(Listed entries begins)

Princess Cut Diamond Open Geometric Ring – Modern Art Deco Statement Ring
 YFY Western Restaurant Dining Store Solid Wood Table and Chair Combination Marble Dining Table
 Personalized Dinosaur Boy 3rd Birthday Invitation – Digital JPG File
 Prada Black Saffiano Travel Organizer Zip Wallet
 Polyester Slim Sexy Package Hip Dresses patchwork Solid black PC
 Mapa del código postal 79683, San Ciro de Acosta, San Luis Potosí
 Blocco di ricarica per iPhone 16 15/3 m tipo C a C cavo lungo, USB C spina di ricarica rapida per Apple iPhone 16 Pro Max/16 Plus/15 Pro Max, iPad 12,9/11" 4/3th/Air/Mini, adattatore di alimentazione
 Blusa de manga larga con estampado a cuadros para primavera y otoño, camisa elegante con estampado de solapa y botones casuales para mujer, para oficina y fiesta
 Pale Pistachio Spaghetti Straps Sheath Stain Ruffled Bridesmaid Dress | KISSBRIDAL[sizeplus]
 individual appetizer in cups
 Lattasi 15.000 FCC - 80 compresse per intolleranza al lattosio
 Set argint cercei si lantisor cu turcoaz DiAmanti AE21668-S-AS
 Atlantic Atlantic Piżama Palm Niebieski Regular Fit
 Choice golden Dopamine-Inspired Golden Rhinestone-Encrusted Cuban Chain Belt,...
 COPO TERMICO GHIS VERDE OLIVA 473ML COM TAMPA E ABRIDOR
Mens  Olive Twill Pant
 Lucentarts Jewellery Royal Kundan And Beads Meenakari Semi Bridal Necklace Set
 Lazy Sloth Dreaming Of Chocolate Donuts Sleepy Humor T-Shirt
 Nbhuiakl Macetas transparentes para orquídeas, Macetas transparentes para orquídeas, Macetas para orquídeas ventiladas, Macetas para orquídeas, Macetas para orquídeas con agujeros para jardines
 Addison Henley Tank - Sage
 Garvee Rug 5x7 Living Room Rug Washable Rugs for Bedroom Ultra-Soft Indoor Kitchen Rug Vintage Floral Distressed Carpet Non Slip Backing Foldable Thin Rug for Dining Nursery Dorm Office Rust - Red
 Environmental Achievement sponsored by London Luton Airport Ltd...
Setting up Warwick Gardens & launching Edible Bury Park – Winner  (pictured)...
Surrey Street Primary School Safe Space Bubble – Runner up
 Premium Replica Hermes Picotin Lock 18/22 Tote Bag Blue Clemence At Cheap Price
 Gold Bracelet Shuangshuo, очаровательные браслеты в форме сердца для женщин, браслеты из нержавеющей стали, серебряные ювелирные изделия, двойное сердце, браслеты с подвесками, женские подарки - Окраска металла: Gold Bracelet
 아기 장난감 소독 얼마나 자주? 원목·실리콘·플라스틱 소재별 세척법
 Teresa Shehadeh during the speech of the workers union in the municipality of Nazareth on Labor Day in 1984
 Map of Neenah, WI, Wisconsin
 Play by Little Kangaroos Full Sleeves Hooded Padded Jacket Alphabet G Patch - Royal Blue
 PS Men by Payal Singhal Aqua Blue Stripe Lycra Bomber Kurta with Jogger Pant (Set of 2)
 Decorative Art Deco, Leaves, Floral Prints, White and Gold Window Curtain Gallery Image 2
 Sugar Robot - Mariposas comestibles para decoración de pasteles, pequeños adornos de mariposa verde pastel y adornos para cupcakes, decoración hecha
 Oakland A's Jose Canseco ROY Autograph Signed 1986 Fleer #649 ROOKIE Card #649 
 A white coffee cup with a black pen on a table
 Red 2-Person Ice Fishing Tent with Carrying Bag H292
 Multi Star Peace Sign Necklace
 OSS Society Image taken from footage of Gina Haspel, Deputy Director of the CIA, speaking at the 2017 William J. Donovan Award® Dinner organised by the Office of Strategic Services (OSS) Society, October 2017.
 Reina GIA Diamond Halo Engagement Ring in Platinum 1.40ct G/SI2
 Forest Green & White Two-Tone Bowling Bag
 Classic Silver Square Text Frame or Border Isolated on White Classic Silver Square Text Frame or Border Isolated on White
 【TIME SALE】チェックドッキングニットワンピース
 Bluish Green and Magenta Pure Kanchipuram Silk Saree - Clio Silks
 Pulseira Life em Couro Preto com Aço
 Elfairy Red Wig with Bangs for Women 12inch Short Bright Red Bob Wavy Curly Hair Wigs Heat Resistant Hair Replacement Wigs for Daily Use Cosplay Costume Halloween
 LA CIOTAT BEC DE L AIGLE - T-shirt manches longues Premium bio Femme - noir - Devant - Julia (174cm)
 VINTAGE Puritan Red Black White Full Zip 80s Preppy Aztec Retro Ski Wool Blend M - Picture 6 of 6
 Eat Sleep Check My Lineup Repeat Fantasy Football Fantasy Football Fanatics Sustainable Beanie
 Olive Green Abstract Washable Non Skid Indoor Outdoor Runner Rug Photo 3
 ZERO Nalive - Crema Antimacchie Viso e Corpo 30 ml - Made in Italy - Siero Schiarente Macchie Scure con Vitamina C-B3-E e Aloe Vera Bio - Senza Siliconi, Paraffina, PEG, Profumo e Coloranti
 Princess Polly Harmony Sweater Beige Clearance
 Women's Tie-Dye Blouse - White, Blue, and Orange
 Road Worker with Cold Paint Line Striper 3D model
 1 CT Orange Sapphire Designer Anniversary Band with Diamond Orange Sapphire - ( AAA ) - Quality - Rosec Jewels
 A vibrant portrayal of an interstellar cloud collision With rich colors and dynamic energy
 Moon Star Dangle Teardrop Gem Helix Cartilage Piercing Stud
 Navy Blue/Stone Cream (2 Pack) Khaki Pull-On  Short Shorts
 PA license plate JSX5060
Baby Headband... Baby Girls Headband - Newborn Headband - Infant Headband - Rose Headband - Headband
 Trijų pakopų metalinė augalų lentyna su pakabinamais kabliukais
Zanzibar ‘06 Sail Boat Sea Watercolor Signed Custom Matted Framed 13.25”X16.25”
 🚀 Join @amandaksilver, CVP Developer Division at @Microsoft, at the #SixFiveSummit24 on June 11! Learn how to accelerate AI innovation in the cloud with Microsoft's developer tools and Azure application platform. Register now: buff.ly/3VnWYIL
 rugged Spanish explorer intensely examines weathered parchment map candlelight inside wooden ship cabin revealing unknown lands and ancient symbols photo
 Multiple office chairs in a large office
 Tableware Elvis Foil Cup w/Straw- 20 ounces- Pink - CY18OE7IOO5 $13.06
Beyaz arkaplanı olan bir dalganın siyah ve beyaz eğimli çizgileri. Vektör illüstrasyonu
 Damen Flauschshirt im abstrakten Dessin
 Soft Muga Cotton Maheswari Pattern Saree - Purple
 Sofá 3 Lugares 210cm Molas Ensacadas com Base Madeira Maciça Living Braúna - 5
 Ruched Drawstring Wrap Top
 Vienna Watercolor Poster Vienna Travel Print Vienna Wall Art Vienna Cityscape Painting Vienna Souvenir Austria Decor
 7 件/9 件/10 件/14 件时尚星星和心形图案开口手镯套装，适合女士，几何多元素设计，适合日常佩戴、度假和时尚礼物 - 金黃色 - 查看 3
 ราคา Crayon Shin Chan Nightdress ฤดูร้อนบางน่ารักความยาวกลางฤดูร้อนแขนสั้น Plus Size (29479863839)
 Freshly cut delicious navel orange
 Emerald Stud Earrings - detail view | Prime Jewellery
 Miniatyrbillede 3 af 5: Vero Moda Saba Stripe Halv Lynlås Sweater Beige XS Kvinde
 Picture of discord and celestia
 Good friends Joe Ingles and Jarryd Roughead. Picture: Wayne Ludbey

(Listed entries ends)

**What the exercise asks**
Output the complete set of records word for word.

**Solution for this exercise**
Princess Cut Diamond Open Geometric Ring – Modern Art Deco Statement Ring
 YFY Western Restaurant Dining Store Solid Wood Table and Chair Combination Marble Dining Table
 Personalized Dinosaur Boy 3rd Birthday Invitation – Digital JPG File
 Prada Black Saffiano Travel Organizer Zip Wallet
 Polyester Slim Sexy Package Hip Dresses patchwork Solid black PC
 Mapa del código postal 79683, San Ciro de Acosta, San Luis Potosí
 Blocco di ricarica per iPhone 16 15/3 m tipo C a C cavo lungo, USB C spina di ricarica rapida per Apple iPhone 16 Pro Max/16 Plus/15 Pro Max, iPad 12,9/11" 4/3th/Air/Mini, adattatore di alimentazione
 Blusa de manga larga con estampado a cuadros para primavera y otoño, camisa elegante con estampado de solapa y botones casuales para mujer, para oficina y fiesta
 Pale Pistachio Spaghetti Straps Sheath Stain Ruffled Bridesmaid Dress | KISSBRIDAL[sizeplus]
 individual appetizer in cups
 Lattasi 15.000 FCC - 80 compresse per intolleranza al lattosio
 Set argint cercei si lantisor cu turcoaz DiAmanti AE21668-S-AS
 Atlantic Atlantic Piżama Palm Niebieski Regular Fit
 Choice golden Dopamine-Inspired Golden Rhinestone-Encrusted Cuban Chain Belt,...
 COPO TERMICO GHIS VERDE OLIVA 473ML COM TAMPA E ABRIDOR
Mens  Olive Twill Pant
 Lucentarts Jewellery Royal Kundan And Beads Meenakari Semi Bridal Necklace Set
 Lazy Sloth Dreaming Of Chocolate Donuts Sleepy Humor T-Shirt
 Nbhuiakl Macetas transparentes para orquídeas, Macetas transparentes para orquídeas, Macetas para orquídeas ventiladas, Macetas para orquídeas, Macetas para orquídeas con agujeros para jardines
 Addison Henley Tank - Sage
 Garvee Rug 5x7 Living Room Rug Washable Rugs for Bedroom Ultra-Soft Indoor Kitchen Rug Vintage Floral Distressed Carpet Non Slip Backing Foldable Thin Rug for Dining Nursery Dorm Office Rust - Red
 Environmental Achievement sponsored by London Luton Airport Ltd...
Setting up Warwick Gardens & launching Edible Bury Park – Winner  (pictured)...
Surrey Street Primary School Safe Space Bubble – Runner up
 Premium Replica Hermes Picotin Lock 18/22 Tote Bag Blue Clemence At Cheap Price
 Gold Bracelet Shuangshuo, очаровательные браслеты в форме сердца для женщин, браслеты из нержавеющей стали, серебряные ювелирные изделия, двойное сердце, браслеты с подвесками, женские подарки - Окраска металла: Gold Bracelet
 아기 장난감 소독 얼마나 자주? 원목·실리콘·플라스틱 소재별 세척법
 Teresa Shehadeh during the speech of the workers union in the municipality of Nazareth on Labor Day in 1984
 Map of Neenah, WI, Wisconsin
 Play by Little Kangaroos Full Sleeves Hooded Padded Jacket Alphabet G Patch - Royal Blue
 PS Men by Payal Singhal Aqua Blue Stripe Lycra Bomber Kurta with Jogger Pant (Set of 2)
 Decorative Art Deco, Leaves, Floral Prints, White and Gold Window Curtain Gallery Image 2
 Sugar Robot - Mariposas comestibles para decoración de pasteles, pequeños adornos de mariposa verde pastel y adornos para cupcakes, decoración hecha
 Oakland A's Jose Canseco ROY Autograph Signed 1986 Fleer #649 ROOKIE Card #649 
 A white coffee cup with a black pen on a table
 Red 2-Person Ice Fishing Tent with Carrying Bag H292
 Multi Star Peace Sign Necklace
 OSS Society Image taken from footage of Gina Haspel, Deputy Director of the CIA, speaking at the 2017 William J. Donovan Award® Dinner organised by the Office of Strategic Services (OSS) Society, October 2017.
 Reina GIA Diamond Halo Engagement Ring in Platinum 1.40ct G/SI2
 Forest Green & White Two-Tone Bowling Bag
 Classic Silver Square Text Frame or Border Isolated on White Classic Silver Square Text Frame or Border Isolated on White
 【TIME SALE】チェックドッキングニットワンピース
 Bluish Green and Magenta Pure Kanchipuram Silk Saree - Clio Silks
 Pulseira Life em Couro Preto com Aço
 Elfairy Red Wig with Bangs for Women 12inch Short Bright Red Bob Wavy Curly Hair Wigs Heat Resistant Hair Replacement Wigs for Daily Use Cosplay Costume Halloween
 LA CIOTAT BEC DE L AIGLE - T-shirt manches longues Premium bio Femme - noir - Devant - Julia (174cm)
 VINTAGE Puritan Red Black White Full Zip 80s Preppy Aztec Retro Ski Wool Blend M - Picture 6 of 6
 Eat Sleep Check My Lineup Repeat Fantasy Football Fantasy Football Fanatics Sustainable Beanie
 Olive Green Abstract Washable Non Skid Indoor Outdoor Runner Rug Photo 3
 ZERO Nalive - Crema Antimacchie Viso e Corpo 30 ml - Made in Italy - Siero Schiarente Macchie Scure con Vitamina C-B3-E e Aloe Vera Bio - Senza Siliconi, Paraffina, PEG, Profumo e Coloranti
 Princess Polly Harmony Sweater Beige Clearance
 Women's Tie-Dye Blouse - White, Blue, and Orange
 Road Worker with Cold Paint Line Striper 3D model
 1 CT Orange Sapphire Designer Anniversary Band with Diamond Orange Sapphire - ( AAA ) - Quality - Rosec Jewels
 A vibrant portrayal of an interstellar cloud collision With rich colors and dynamic energy
 Moon Star Dangle Teardrop Gem Helix Cartilage Piercing Stud
 Navy Blue/Stone Cream (2 Pack) Khaki Pull-On  Short Shorts
 PA license plate JSX5060
Baby Headband... Baby Girls Headband - Newborn Headband - Infant Headband - Rose Headband - Headband
 Trijų pakopų metalinė augalų lentyna su pakabinamais kabliukais
Zanzibar ‘06 Sail Boat Sea Watercolor Signed Custom Matted Framed 13.25”X16.25”
 🚀 Join @amandaksilver, CVP Developer Division at @Microsoft, at the #SixFiveSummit24 on June 11! Learn how to accelerate AI innovation in the cloud with Microsoft's developer tools and Azure application platform. Register now: buff.ly/3VnWYIL
 rugged Spanish explorer intensely examines weathered parchment map candlelight inside wooden ship cabin revealing unknown lands and ancient symbols photo
 Multiple office chairs in a large office
 Tableware Elvis Foil Cup w/Straw- 20 ounces- Pink - CY18OE7IOO5 $13.06
Beyaz arkaplanı olan bir dalganın siyah ve beyaz eğimli çizgileri. Vektör illüstrasyonu
 Damen Flauschshirt im abstrakten Dessin
 Soft Muga Cotton Maheswari Pattern Saree - Purple
 Sofá 3 Lugares 210cm Molas Ensacadas com Base Madeira Maciça Living Braúna - 5
 Ruched Drawstring Wrap Top
 Vienna Watercolor Poster Vienna Travel Print Vienna Wall Art Vienna Cityscape Painting Vienna Souvenir Austria Decor
 7 件/9 件/10 件/14 件时尚星星和心形图案开口手镯套装，适合女士，几何多元素设计，适合日常佩戴、度假和时尚礼物 - 金黃色 - 查看 3
 ราคา Crayon Shin Chan Nightdress ฤดูร้อนบางน่ารักความยาวกลางฤดูร้อนแขนสั้น Plus Size (29479863839)
 Freshly cut delicious navel orange
 Emerald Stud Earrings - detail view | Prime Jewellery
 Miniatyrbillede 3 af 5: Vero Moda Saba Stripe Halv Lynlås Sweater Beige XS Kvinde
 Picture of discord and celestia
 Good friends Joe Ingles and Jarryd Roughead. Picture: Wayne Ludbey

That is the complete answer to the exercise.